For as long as I can remember, I’ve felt like I don’t fit in well with most people. Part of the reason, I’d say, has to do with my personality: I am an introvert. Yep. I always have been since my childhood. I prefer being alone to exercise my hobbies like reading and learning to play instruments over going out with hordes of friends on the weekend to enjoy more social activities. But this doesn’t mean that I don’t have any friends. On the contrary, I have friends that I talk to almost daily via social media applications and others that I see on a weekly basis at church. And I have other friends that though we don’t see each other often we gather say at a friends house at some point for a potluck and a discussion of an upcoming outing.
But the other reason that I say I haven’t fit in well, is due to the fact that I don’t find that I am like many other people. Here I speak generally though I think this can also be applied separately to women. I didn’t grow up a very feminine girl. And I guess that’s where it all started. I was a “weird” kid. And I was more specifically, a weird girl. My female classmates and I were very different. I grew up in the 1990s, that era where Barbies, pink nail polish, black chokers, the Spice Girls and Britney Spears were all the rage. This is what most girls liked and were into. They would come to school looking fresh out of the hair salon- puffy black curls done, fingernails painted, jean shorts and white tanks on point .

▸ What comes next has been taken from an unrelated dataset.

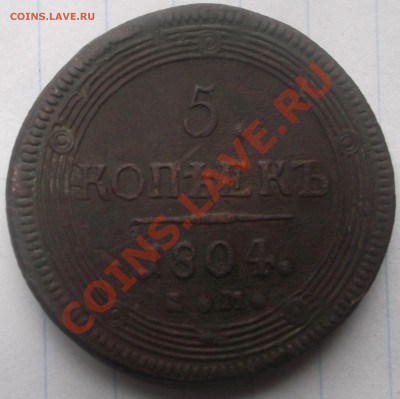 5копеек1804год - DSCF0219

I was on the other side of this spectrum. I dressed like a girl (up until a certain age where I left my dresses to don baggy clothes and my father’s baseball caps) in bright colors and some 90s themed outfits but I was an entirely different class of girl. My world was brimming with my hobbies like art and my passion for learning, I wasn’t as preoccupied with my appearance. I was also a sportsy kind of gal and I was exceptionally introverted.
My peers didn’t spend their recess time the way I eventually did- running amok like a maniac playing cops and robbers or digging my hands into the dirt.They would sit close to the schoolyard in groups of two to talk about girl drama or boyfriends. But probably mostly girl drama. As a result, my first few years of recess were amongst the most isolating. I wouldn’t really talk to anyone. I would just kid watch.
I was a precocious child. In second grade, I won an art trophy for a Chinese dragon that I managed to scrap up from mostly construction paper. It was quite realistic. My art teacher, Ms. Lampertti, was impressed. “That’s really nice. You’re going to the art show.” My artwork was ordained with a white ribbon at the show and I won a trophy clocking in at third place. At some point in my elementary school days, I was tested for the Gifted and Talented program. I didn’t pass, something that to this day, I assume was because I didn’t pass the math section, math being my weakest subject. But nevertheless, I excelled in the arts. I eventually came to play clarinet in the school band. And though I struggled with reading I never let that hinder my love of books, which I proved through the books I came to collect as a child.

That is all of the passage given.